Alright, I made a few PRs to help out here with the providers problem, #3101 #3102 #3103 #3105 and #3106
A bit of an update here, I've gotten a few of these PRs merged, only one remaining. I ran some tests to check bandwidth usage here, good results so far: https://github.com/ipfs/go-ipfs/pull/3105#issuecomment-242183017
@whyrusleeping sorry missed your earlier question, no relevant errors that I could see. Improvements looking fantastic, though!
@parkan thanks! I've got a few more things up my sleeve that should help too, but theyre a bit farther out. In the meantime, you should now be able to do all your adds with the --local
flag, and then manually do ipfs dht provide
on the keys you want advertised to the dht. The provide command has a -r
flag to recursively provide all child blocks too, but run without it will just provide the single given block.
Please let me know if anything weird comes up or you have any questions.
@whyrusleeping awesome! Great turnaround on this. Should we build from master to have these changes reflected?
@parkan yeah, you will have to build from master. I can also provide 'development' builds on the dists page if there is an interest in that
@whyrusleeping having unstable/dev/nightly binaries around would definitely be appreciated if it's not too much effort
@parkan sure thing! i'll push out some builds after #3105 merges, and start the discussion about automating some nightly releases
@whyrusleeping getting a nightly/CI build baked would be 👌
Yeah, it would be great to have channels in distributions. filed it over at https://github.com/ipfs/distributions/issues/77 and https://github.com/ipfs/distributions/issues/78
@whyrusleeping I'd also really appreciate a development build, especially because of this issue. :)

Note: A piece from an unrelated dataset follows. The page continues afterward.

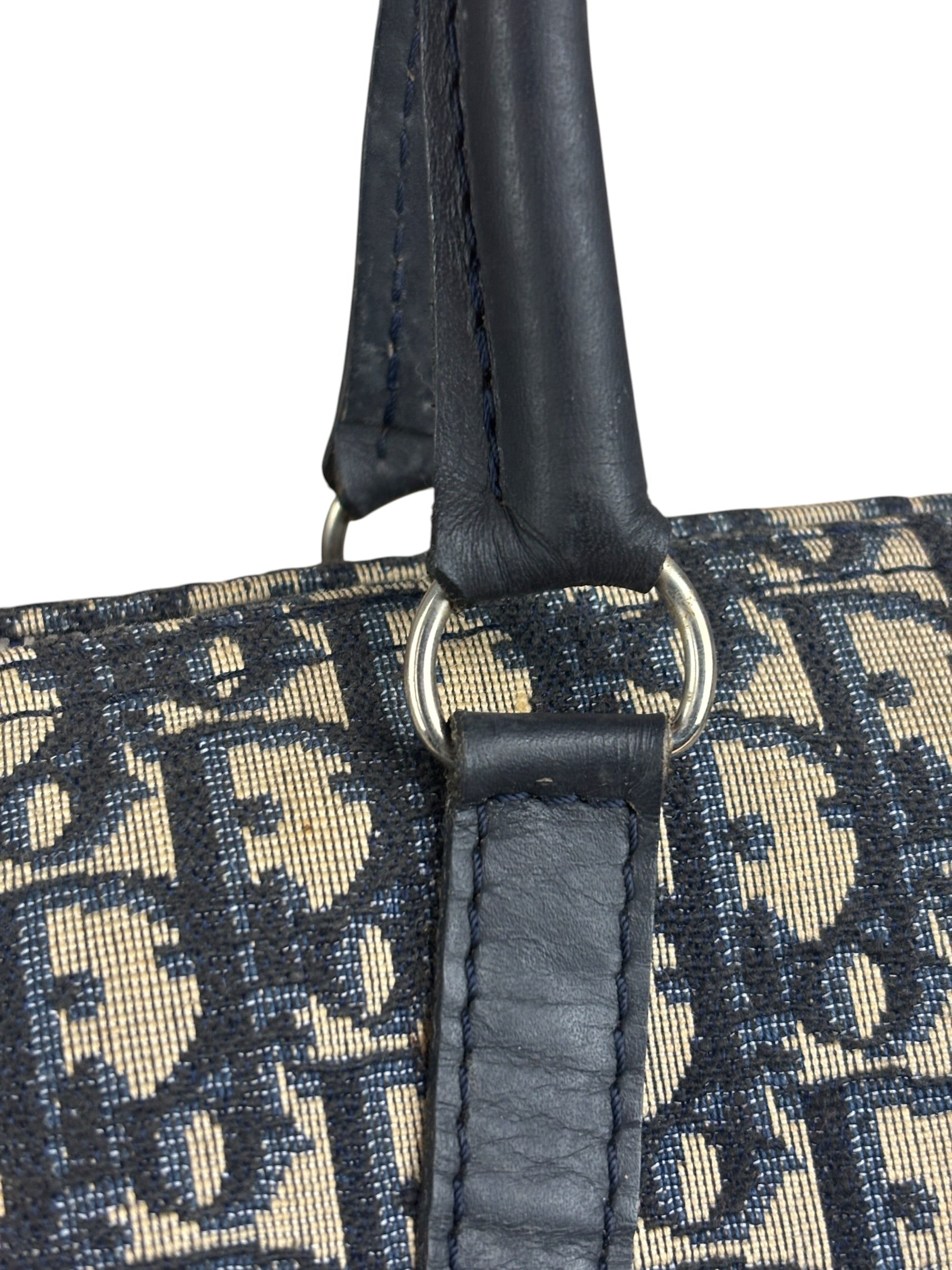 Christian Dior Vintage Blue Oblique Trotter Boston Bag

After adding 200MB of the Wikidata dataset with the current master version I have these stats:
Bandwidth
TotalIn: 11 GB
TotalOut: 2.0 GB
Compared to the previous report in https://github.com/ipfs/apps/issues/27#issuecomment-242562201
that's an improvement of ~2.65x for inbound and ~3.2x for outbound traffic when using the current master
compared to 0.4.2
.
The dataset consists of 24 million JSON files which are mostly 1-20KB big. The CLI estimated about ~12 days until completion which doesn't sound too great, but if time to publish the weekly changes of the dataset after that ends up being a few hours, it might be workable for that project.
Has the state of this issue changed since the last update?
I'm evaluating IPFS for a project, and if a 200MB dataset generates 13GB of traffic to add the data to IPFS, it will rule out IPFS as an option.
We would really like to be interoperable with IPFS and the broader IPFS ecosystem, but we'll have to use BitTorrent instead.
@Magik6k was trying to add cdnjs (something I did few months ago) he have hit https://github.com/ipfs/go-ipfs/issues/2823 but also reported that adding the dataset which was about 21GB created about 3TB of traffic.
@Magik6k could you give more precise data on this?